In our short series on machine learning, we have already applied sampling methods several times. We have used and implemented Gibbs sampling, and so far we have simply accepted that the approach works. Time to look at this in a bit more detail in order to understand why it works and what the limitations of the algorithm are.
Regardless of whether you want to simulate ferromagnetic behavior in an Ising model, run a Hopfield network or train a Boltzmann machine, the fundamental problem that we have to solve is always the same. We are given a probability distribution P living on some state space X, and we are trying to create a sample, i.e. a set of points in the state space such that the probability for a point x to appear in this sample is equal to the probability P(x) given by the probability distribution.
The naive approach to this is simple: visit every point x in the state space and include that point with probability P(x). However, it is clear that with a large state space, this approach is not computationally feasible. In the example of a Boltzmann machine trained on handwritten digits with 28 x 28 pixels, our state space has 2784 elements, and there is no way we can visit them all one by one. Instead, we would need something like a randomized walk through the state space. We could start with same randomly chosen state X0, then – using a randomized transition rule – move on to a point X1 and so forth. Intuitively, we want to select our transition rule in such a way that the state space elements Xi selected in this way form a sample, i.e. such that our chain of state space locations visits regions with large values for P(x) more often than regions with low values of P(x). Thus we would systematically ignore regions of the state space with low probability which would greatly reduce the number of states that we have to visit to obtain a valid sample.
So, from a mathematical point of view, we consider a sequence of random variables Xi such that Xi+1 is related to Xi by some randomized transition rule. We also assume that this rule does not depend on the index i which is usually called the time.

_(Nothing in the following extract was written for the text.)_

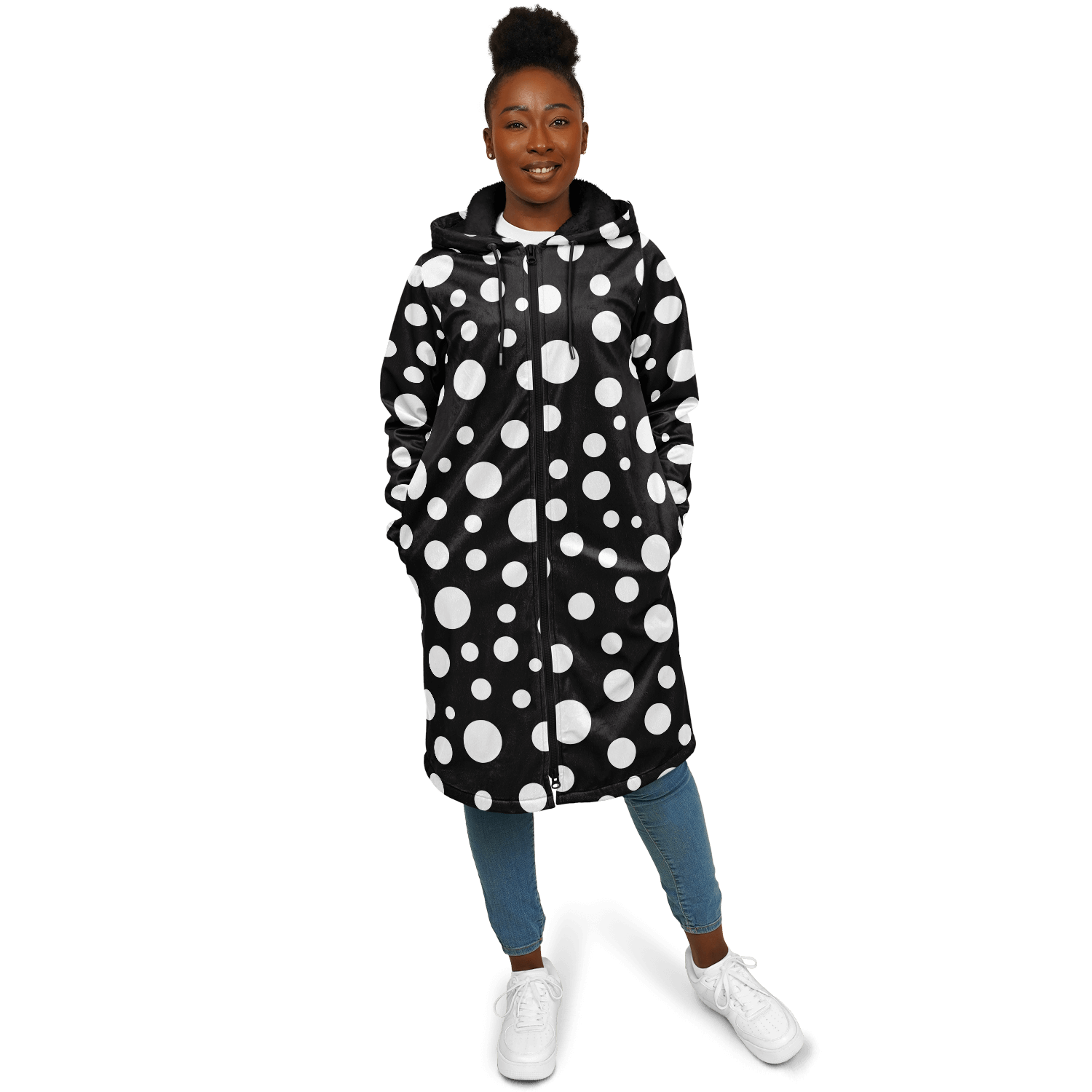 Black & White Polka Dots Cloak With a Zipper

Thus we have a sequence of random variables Xi which is not independent, but almost independent – Xi+1 depends only on Xi and in way that itself does not vary with i. This is called a Markov chain (more precisely, a time homogeneous Markov chain).
Let us consider an example to illustrate the idea. As our state space, we choose the space or real numbers. We fix a starting value, say X0=0, and we obtain the next value by adding a number that we draw from a standard normal distribution. Thus, mathematically, we assume that Wn are identically distributed and independent random variables, all distributed according to the standard normal distribution, and set
This is a Markov chain: the value Xn+1 depends only on Xn, not on any earlier elements of the chain. The transition rule is randomized, but itself does not depend on the time step n – all Wn have the same distribution. Let us implement this in Python to see how it works (the full notebook can be downloaded here).

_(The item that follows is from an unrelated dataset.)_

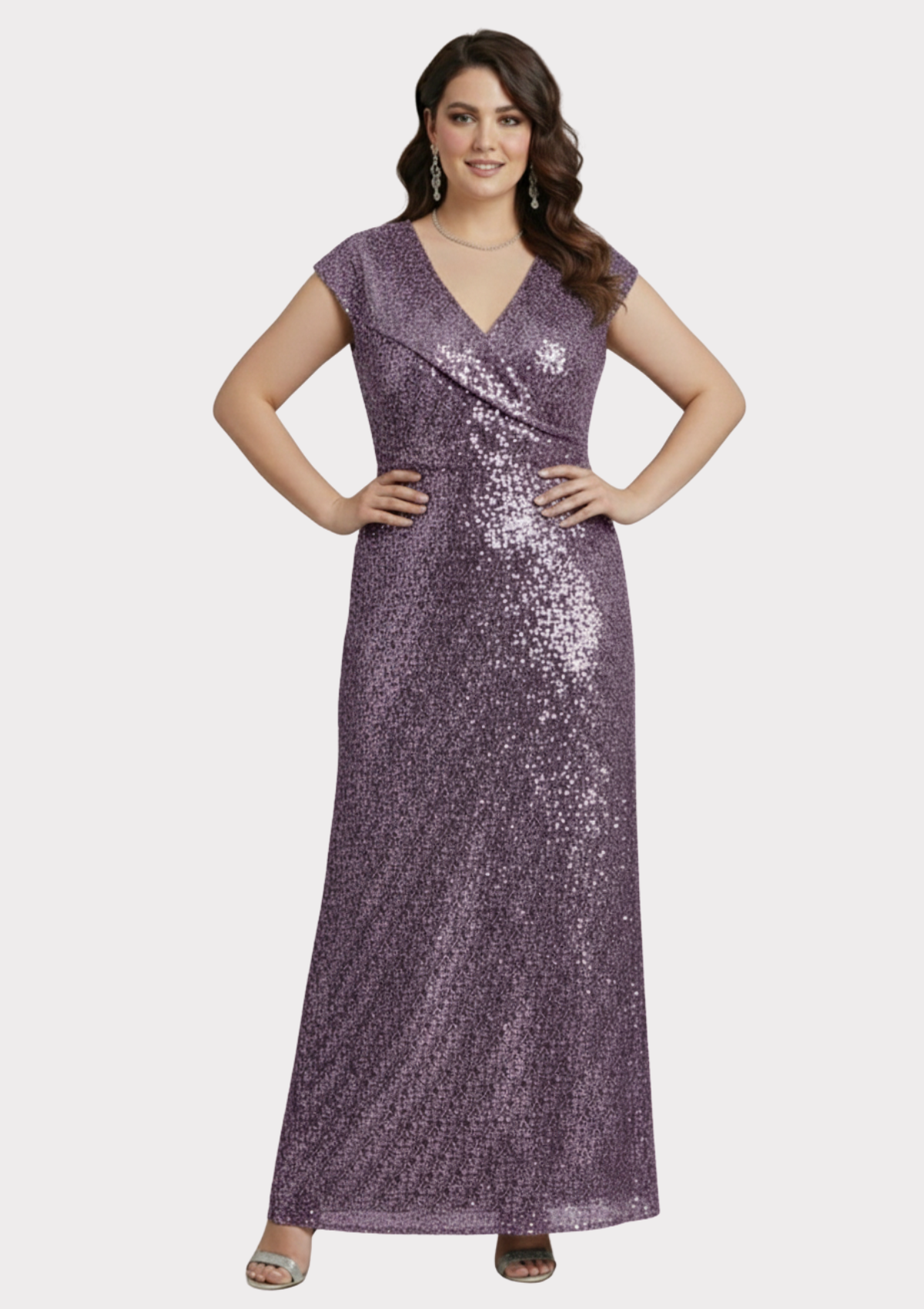 Büyük Beden Lavanta Renkli Payetli Likralı Uzun Abiye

Here we have created and displayed three different random walks. All of them start at the same point (zero), and all of them follow the same transformation rule, but as the transformation rule is stochastic in nature, they all develop differently.
Now let us try to turn the view on this upside down. This time, we execute a larger number – 1000 – of random walks with 5000 steps each. But instead of plotting the sequence of points Xi for every walk, we display the distribution of the last point of each walk, i.e. we plot the distribution of the random variable X4999.
This does in fact look more familiar. We see that most walks end up being close to zero at the end – steps in the positive direction and steps in the negative direction cancel each other. Only very few walks end up at an extreme position close to plus or minus 200 – this is not surprising as well, to arrive at an extreme point, we would need to draw 5000 times in a row an extreme value from the random normal distribution, which is a rather unlikely chain of events.
In this case, the distribution does actually not converge if we increase the number of steps – you can try this out and play with different values, i.e. replace 5000 by 50000 (this will run some time) and look at the distribution of X49999 – you will see that this is now spread out to roughly plus / minus 750 (in fact, the distribution is obtained as a multiple convolution of the standard normal distribution with itself and thus is again a normal distribution).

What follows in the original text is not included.